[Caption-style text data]

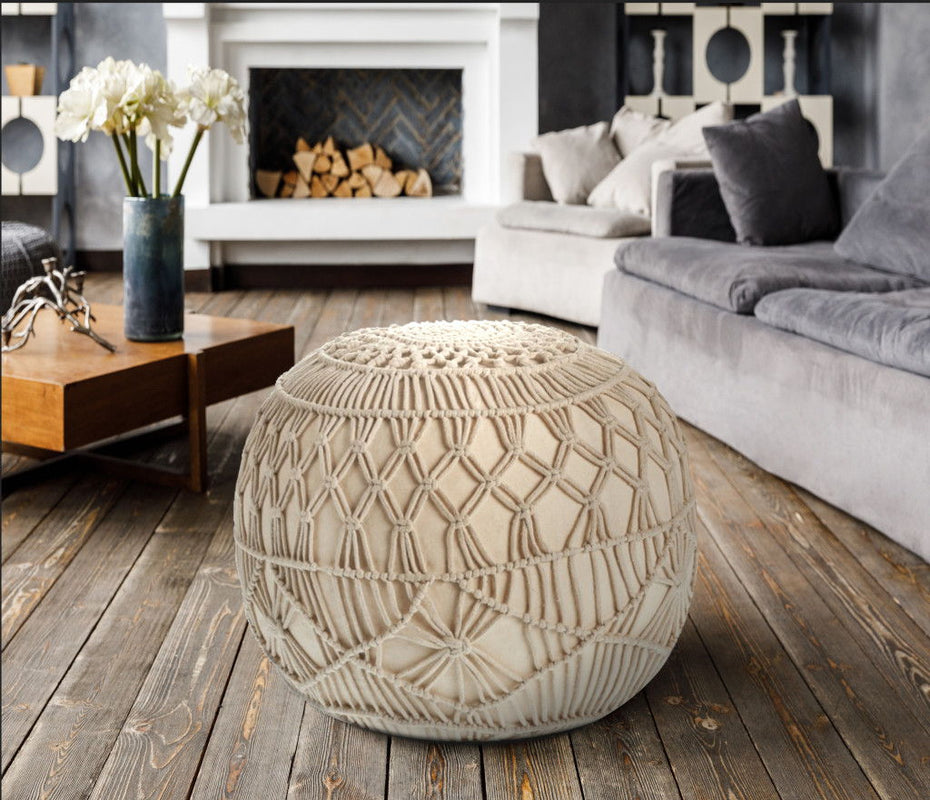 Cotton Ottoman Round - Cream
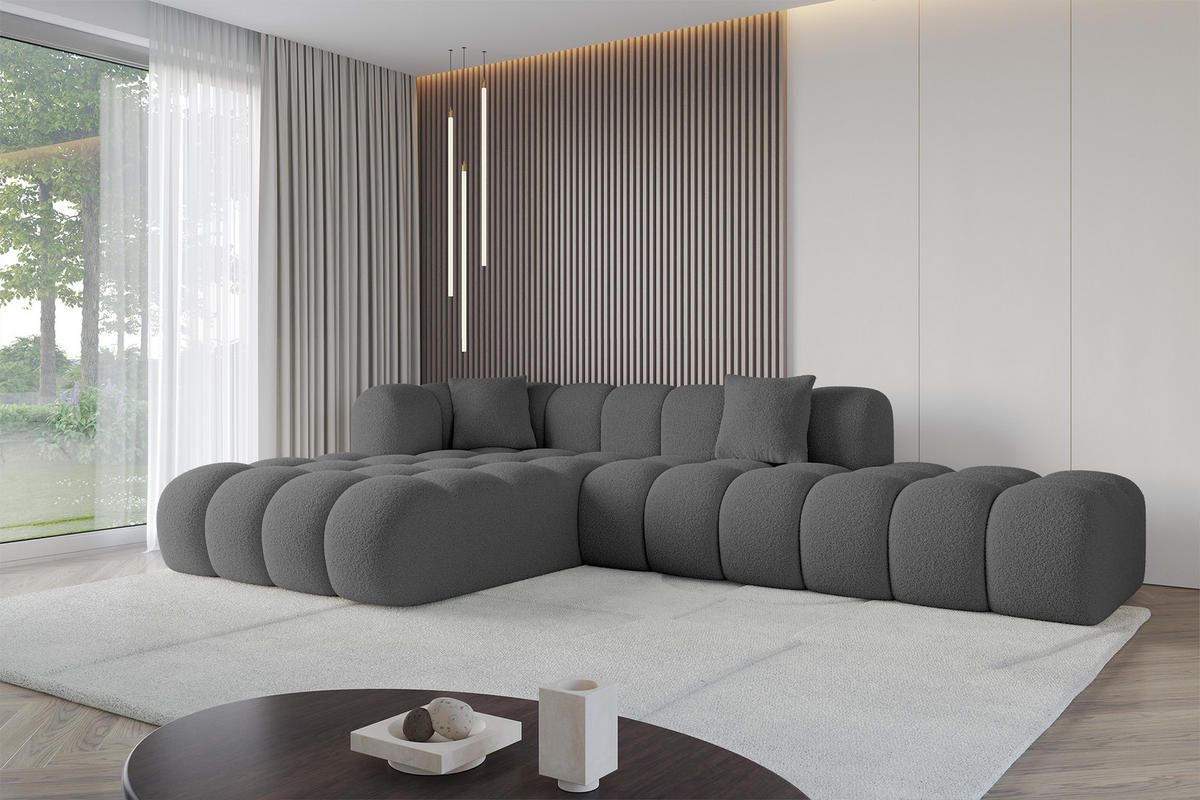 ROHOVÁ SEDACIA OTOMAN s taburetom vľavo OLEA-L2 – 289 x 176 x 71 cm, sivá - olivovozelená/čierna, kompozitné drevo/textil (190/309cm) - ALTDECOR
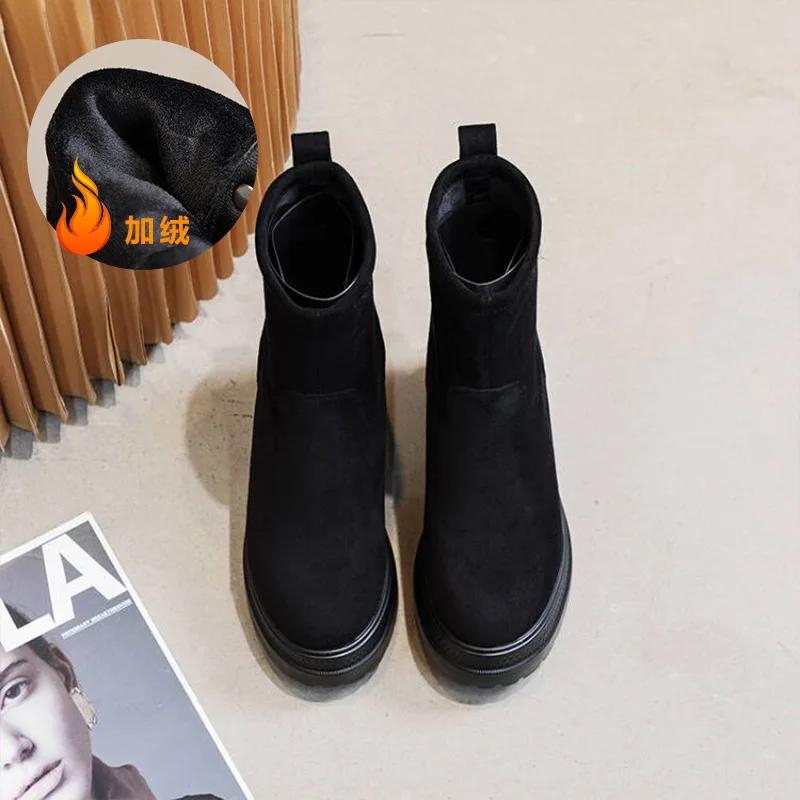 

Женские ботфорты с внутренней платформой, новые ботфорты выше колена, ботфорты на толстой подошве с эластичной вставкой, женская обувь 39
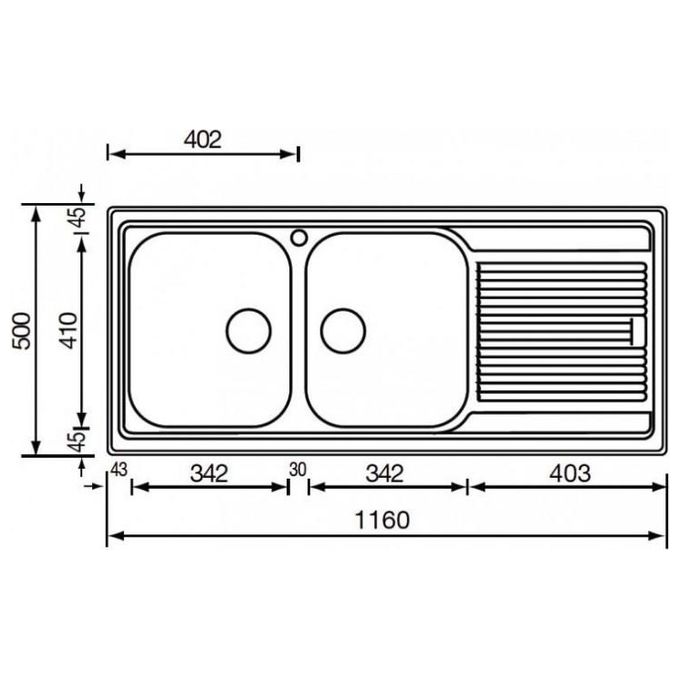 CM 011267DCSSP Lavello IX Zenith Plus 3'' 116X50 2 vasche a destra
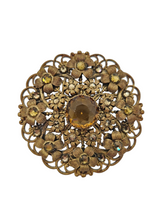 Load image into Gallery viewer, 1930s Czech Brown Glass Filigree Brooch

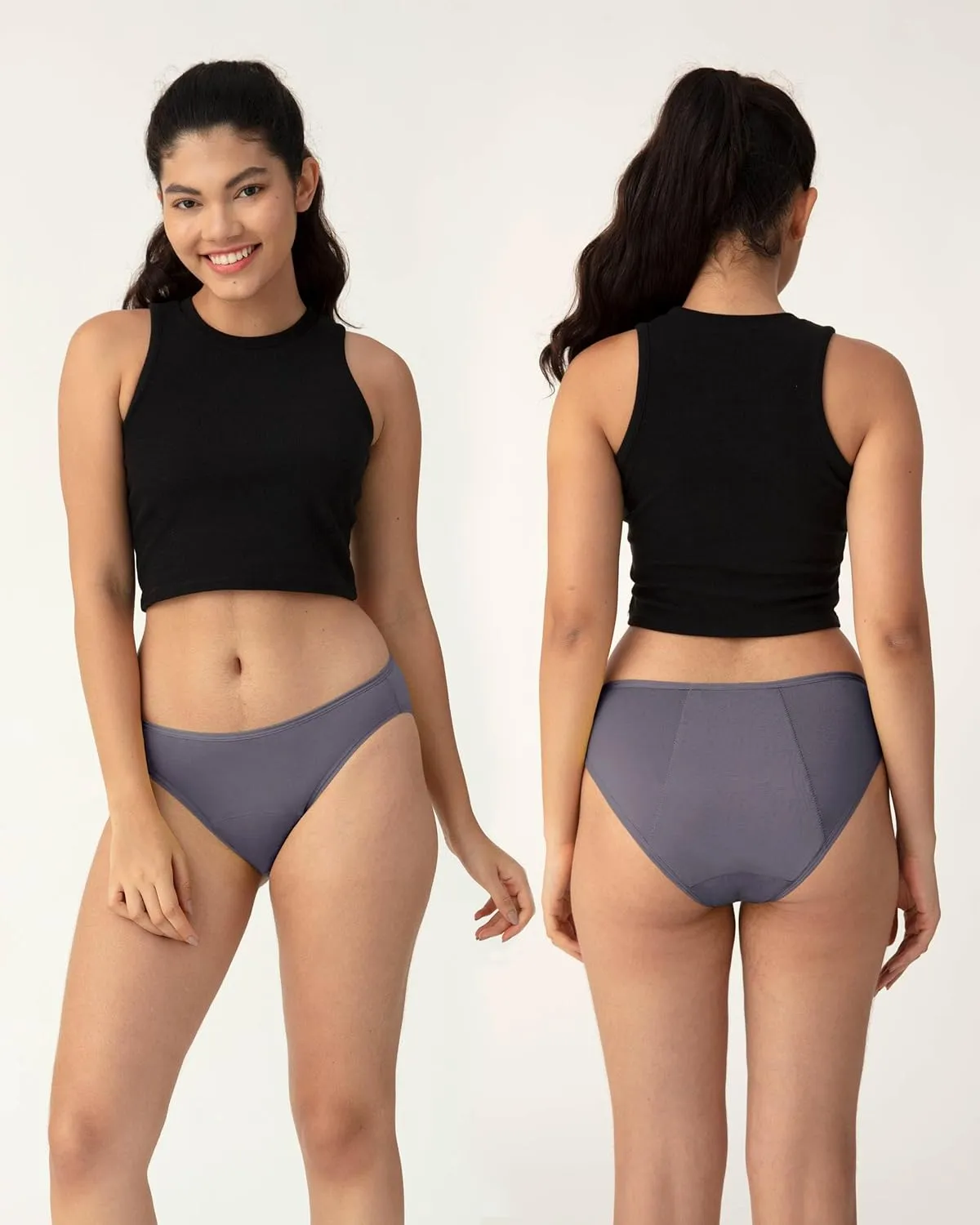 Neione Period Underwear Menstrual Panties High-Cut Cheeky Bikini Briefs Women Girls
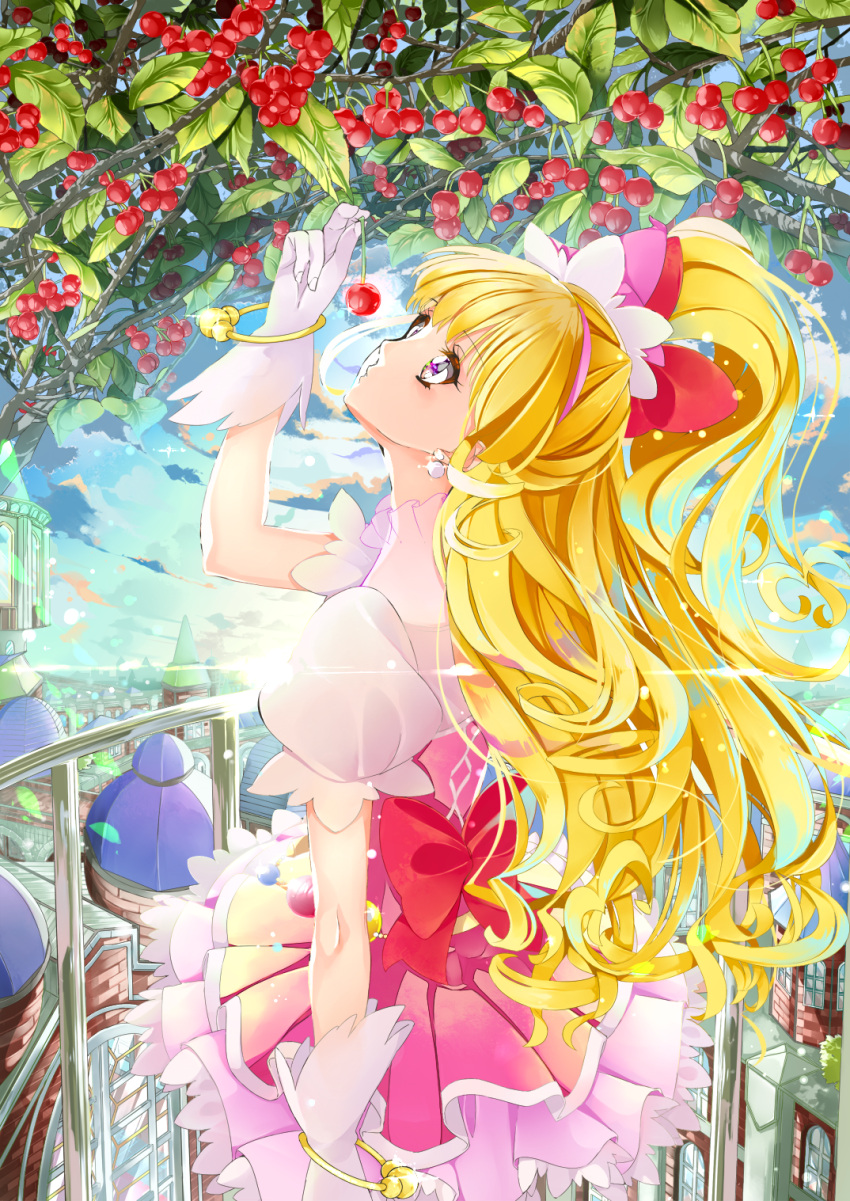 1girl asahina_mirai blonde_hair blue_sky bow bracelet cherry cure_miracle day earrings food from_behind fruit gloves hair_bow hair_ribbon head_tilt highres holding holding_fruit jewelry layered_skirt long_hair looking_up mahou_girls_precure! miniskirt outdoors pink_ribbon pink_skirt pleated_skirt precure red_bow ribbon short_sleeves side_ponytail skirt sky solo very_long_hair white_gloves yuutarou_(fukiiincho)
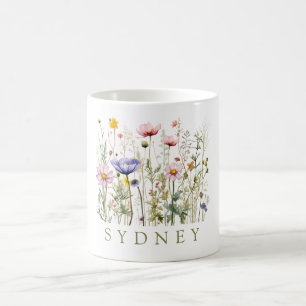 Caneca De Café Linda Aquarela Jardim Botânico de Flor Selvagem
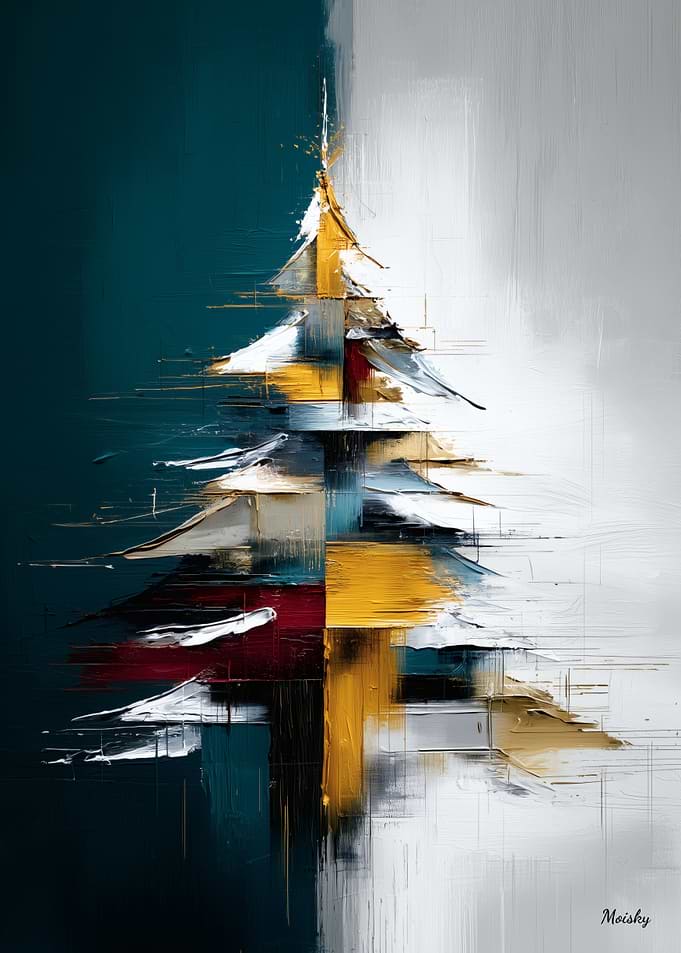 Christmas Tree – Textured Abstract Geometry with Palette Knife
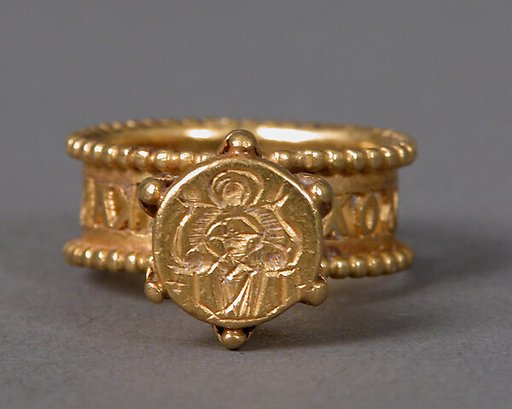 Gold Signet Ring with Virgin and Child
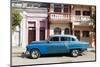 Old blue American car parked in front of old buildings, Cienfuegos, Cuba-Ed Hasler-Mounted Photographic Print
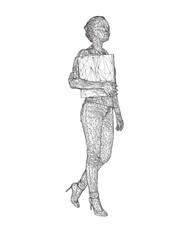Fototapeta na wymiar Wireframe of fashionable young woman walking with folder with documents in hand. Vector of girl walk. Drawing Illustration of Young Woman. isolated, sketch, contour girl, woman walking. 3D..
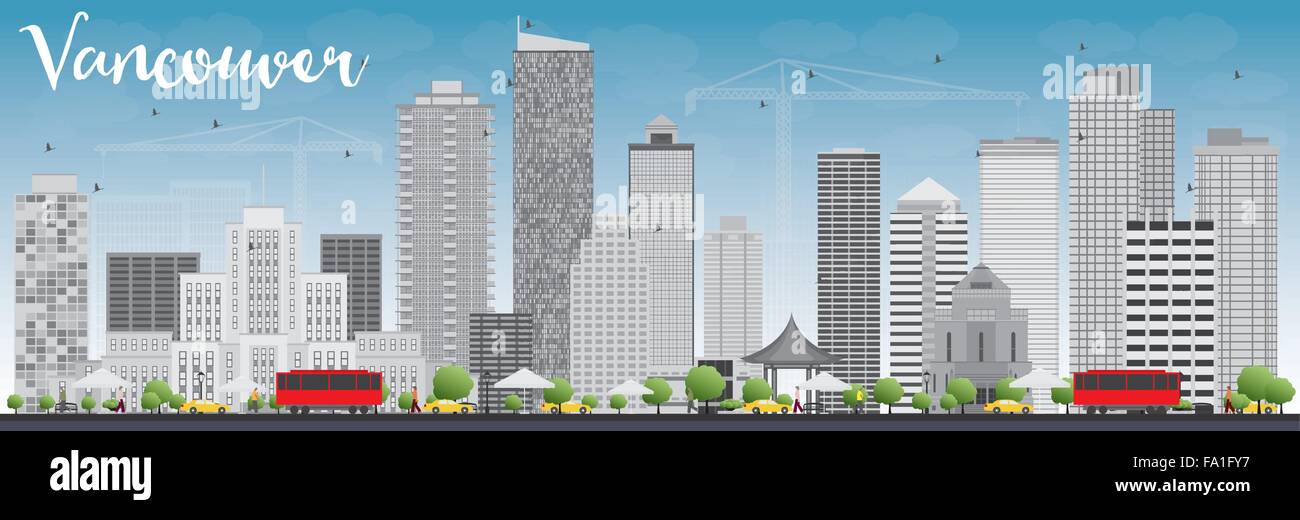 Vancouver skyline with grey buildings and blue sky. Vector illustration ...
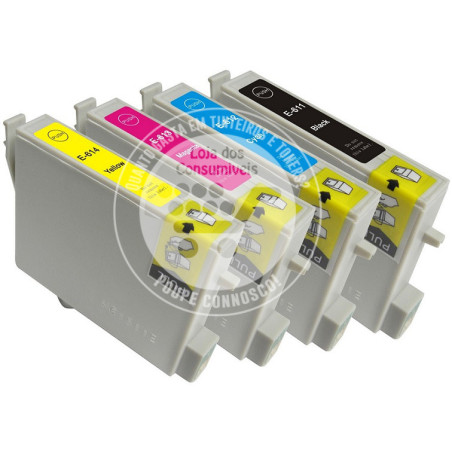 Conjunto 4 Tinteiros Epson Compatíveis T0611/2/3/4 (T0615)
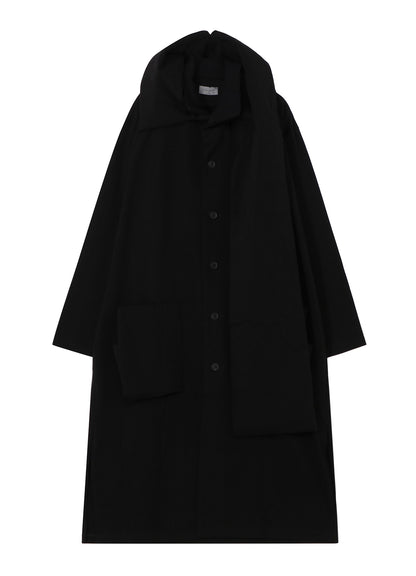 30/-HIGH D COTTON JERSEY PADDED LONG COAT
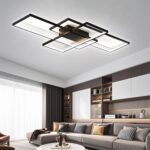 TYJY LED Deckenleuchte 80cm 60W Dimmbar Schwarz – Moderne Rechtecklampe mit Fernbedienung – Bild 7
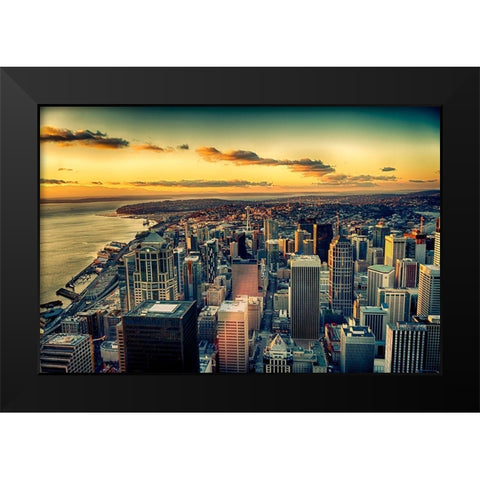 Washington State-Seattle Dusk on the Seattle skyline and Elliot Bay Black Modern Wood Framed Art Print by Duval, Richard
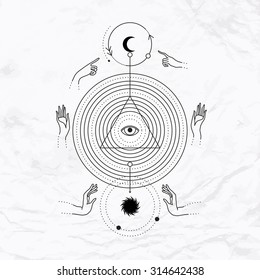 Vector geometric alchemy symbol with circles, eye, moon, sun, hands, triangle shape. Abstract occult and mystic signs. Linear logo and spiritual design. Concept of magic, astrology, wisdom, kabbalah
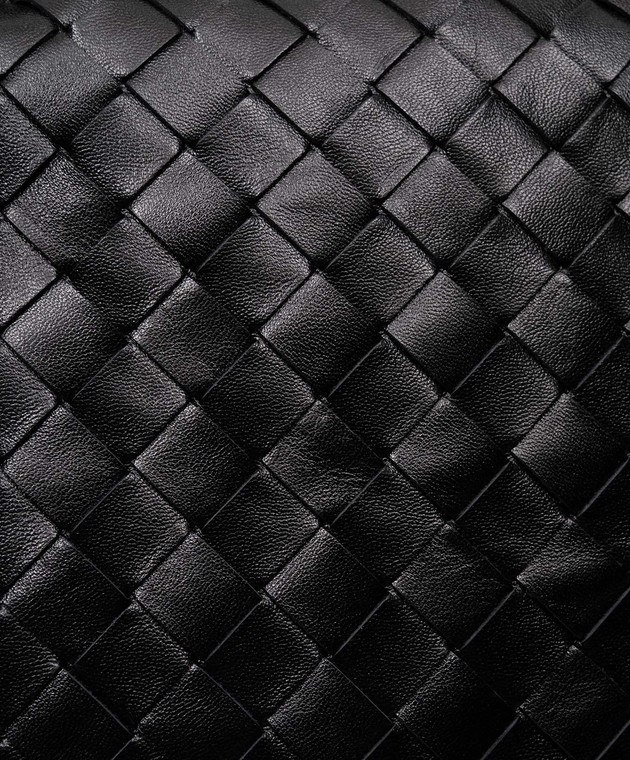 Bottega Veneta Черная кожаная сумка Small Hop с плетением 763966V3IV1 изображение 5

GOAL OF THE EXERCISE => With pictures omitted, restate word for word every line above from the one containing "Washington State-Seattle Dusk" to the end of the entries.

EXERCISE RESULT =>
 Washington State-Seattle Dusk on the Seattle skyline and Elliot Bay Black Modern Wood Framed Art Print by Duval, Richard
 Vector geometric alchemy symbol with circles, eye, moon, sun, hands, triangle shape. Abstract occult and mystic signs. Linear logo and spiritual design. Concept of magic, astrology, wisdom, kabbalah
 Bottega Veneta Черная кожаная сумка Small Hop с плетением 763966V3IV1 изображение 5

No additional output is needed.